* [INPUT RECORDS]:
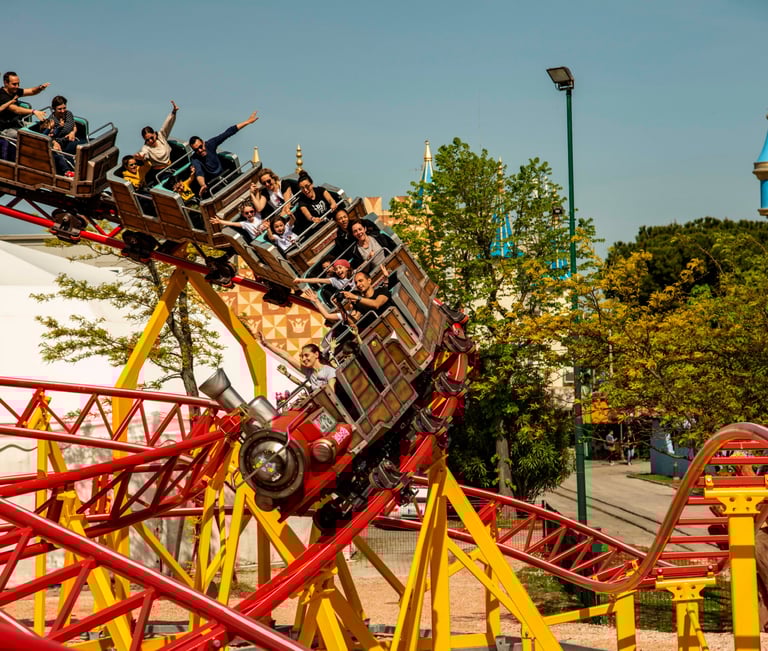 Red Mountain Fiabiladia Rivazzurra di Rimini, parco divertimenti per famiglie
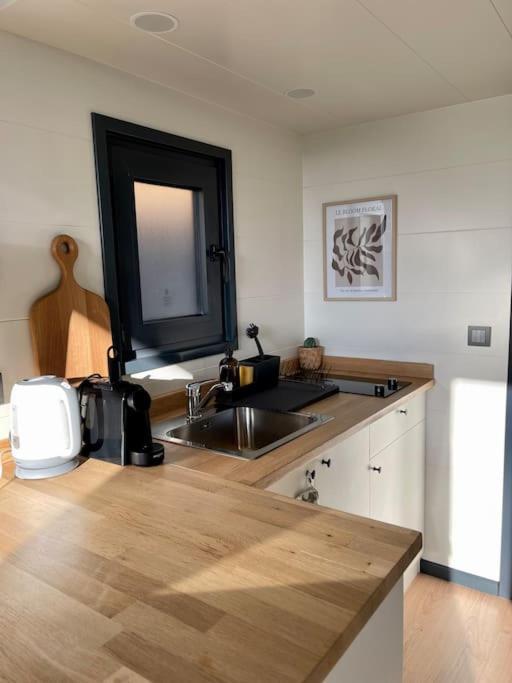 Tiny House With Sauna & Jacuzzi Near Amsterdam Vijfhuizen Екстериор снимка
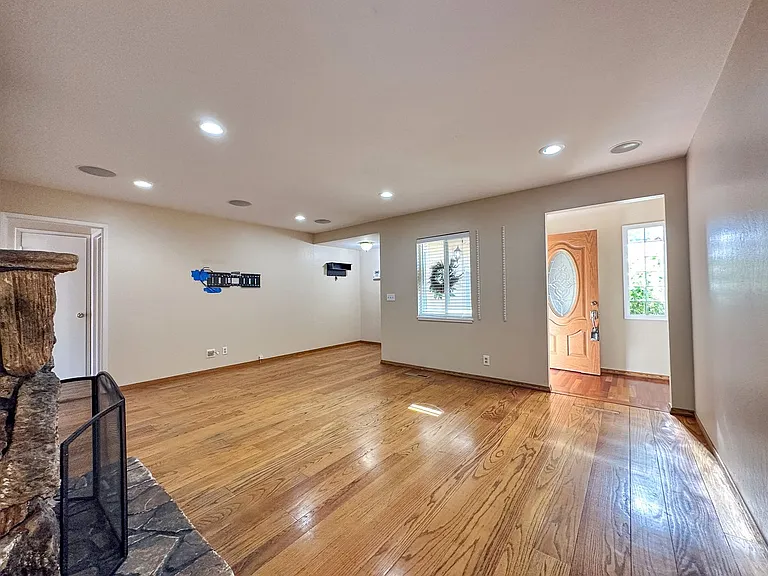 1727 Coralee Dr — Photo 2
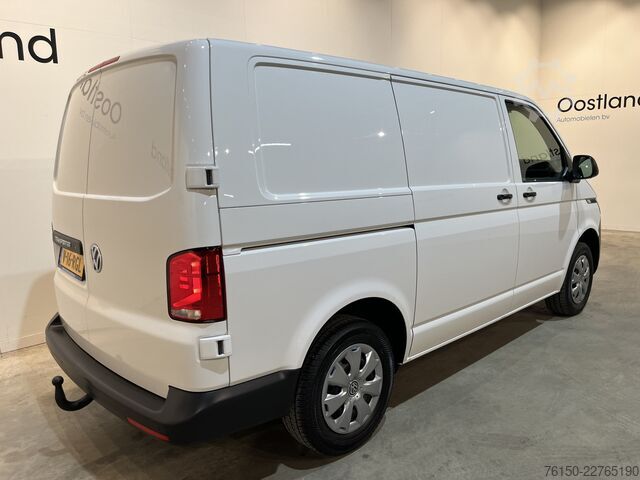 Комби с висок покрив VW Transporter 2.0 TDI L1H1 150 PK Automaat / Euro...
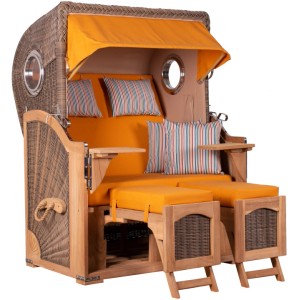 GarWoh Strandkorb Rantum Teak PE Grey Dessin 586 mit grauem Geflecht und orangefarbenen Polstern.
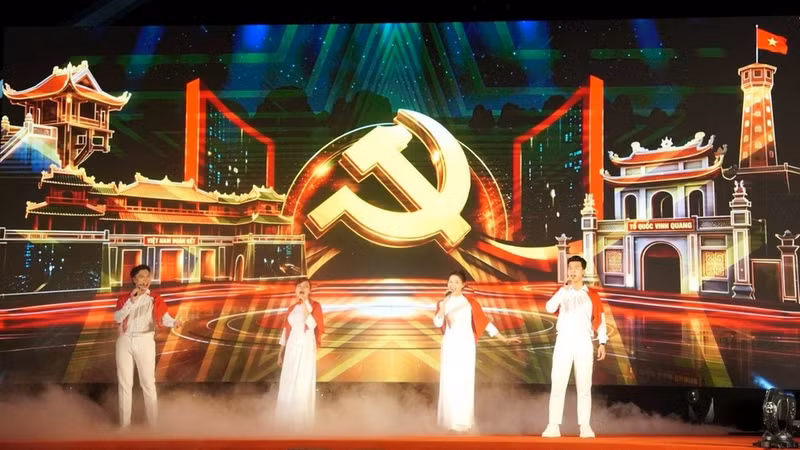 The programme “Ha Noi – From the Historic Autumn of 1945”, an important event of Ha Noi, is part of a series of activities marking the 81st anniversary of the success of the August Revolution and the National Day of the Socialist Republic of Viet Nam. (Photo: THI PHONG)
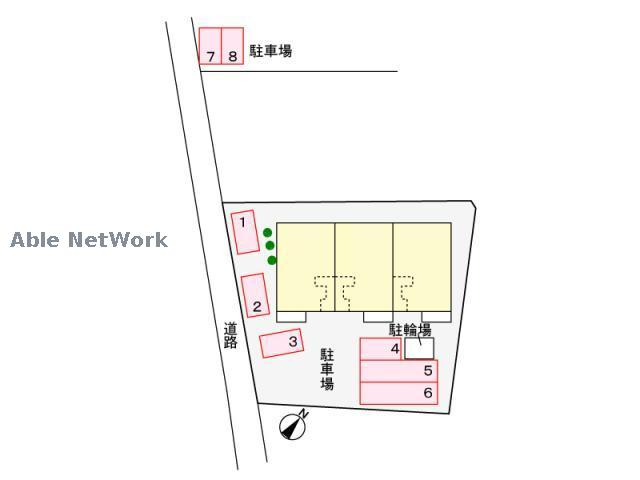 駐車場　駐車場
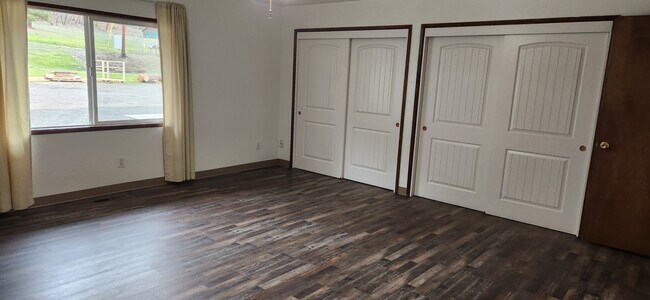Foto del edificio - 1245 Old Ferry Rd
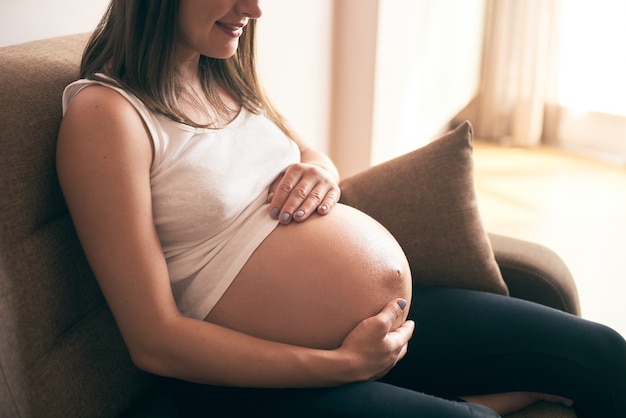 Heureuse mère bénéficiant d'une grossesse et attend un petit bébé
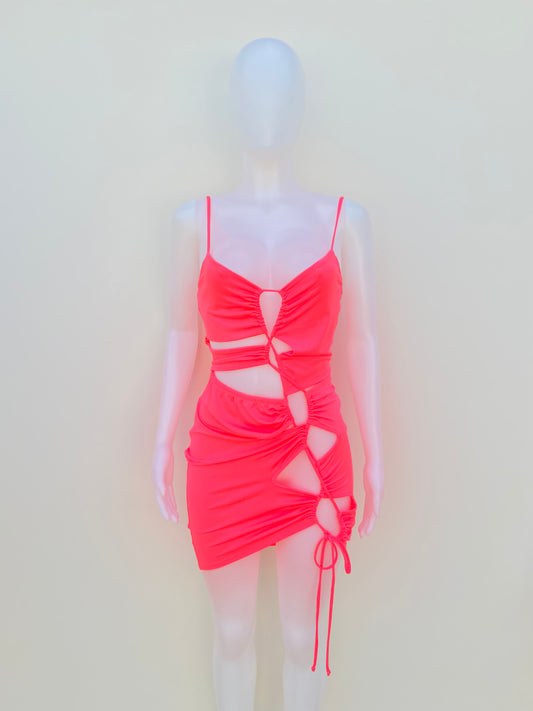 Vestido Fashion Nova original rosado neón con lazo ajustable al frente y aberturas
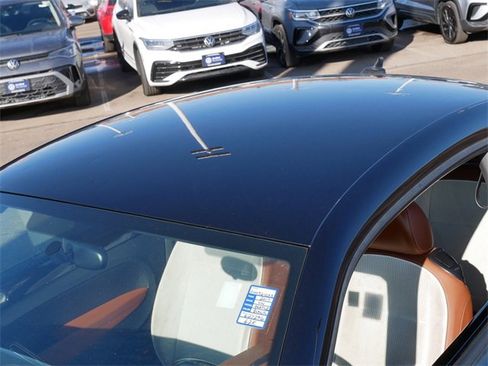 Used 2017 Volkswagen Beetle 1.8T Classic image 11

* [WHAT NEEDS TO BE DONE]: Retype only the lines from the one with "GarWoh Strandkorb Rantum" through the final line of the entries, please, and keep the pictures out.

* [SOLVED EXERCISE]:
 GarWoh Strandkorb Rantum Teak PE Grey Dessin 586 mit grauem Geflecht und orangefarbenen Polstern.
 The programme “Ha Noi – From the Historic Autumn of 1945”, an important event of Ha Noi, is part of a series of activities marking the 81st anniversary of the success of the August Revolution and the National Day of the Socialist Republic of Viet Nam. (Photo: THI PHONG)
 駐車場　駐車場
Foto del edificio - 1245 Old Ferry Rd
 Heureuse mère bénéficiant d'une grossesse et attend un petit bébé
 Vestido Fashion Nova original rosado neón con lazo ajustable al frente y aberturas
 Used 2017 Volkswagen Beetle 1.8T Classic image 11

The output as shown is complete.